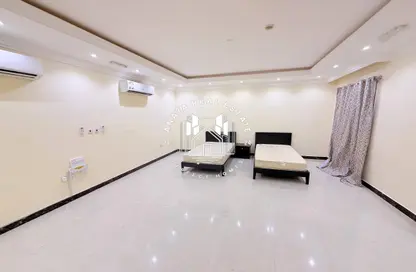 Apartment - Studio - 1 Bathroom for rent in Al Mansoura - Doha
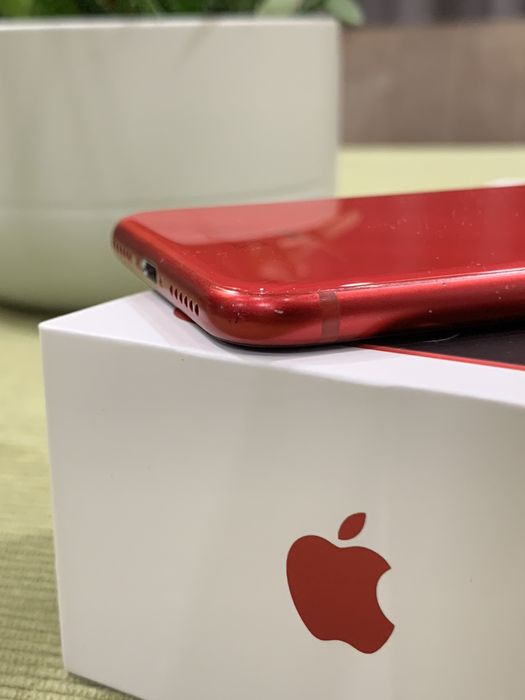 iPhone SE 2020 (2-ро поколение SE)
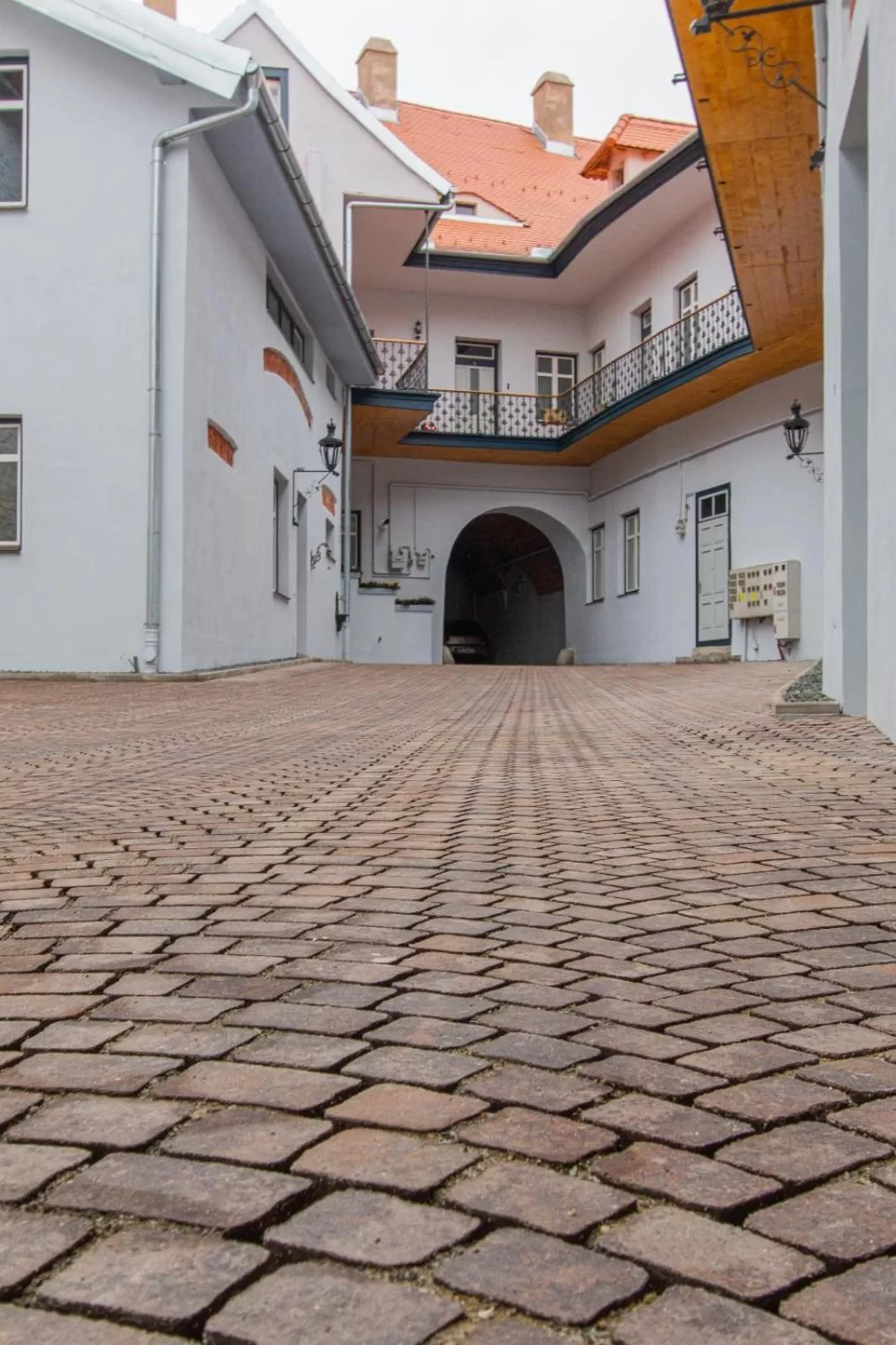 Inner courtyard view in MAGISTER seven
============================================================
With pictures omitted, restate exactly every line from the one containing "iPhone SE 2020 (2-ро поколение SE)" through the last line of the material, inclusive.

 iPhone SE 2020 (2-ро поколение SE)
 Inner courtyard view in MAGISTER seven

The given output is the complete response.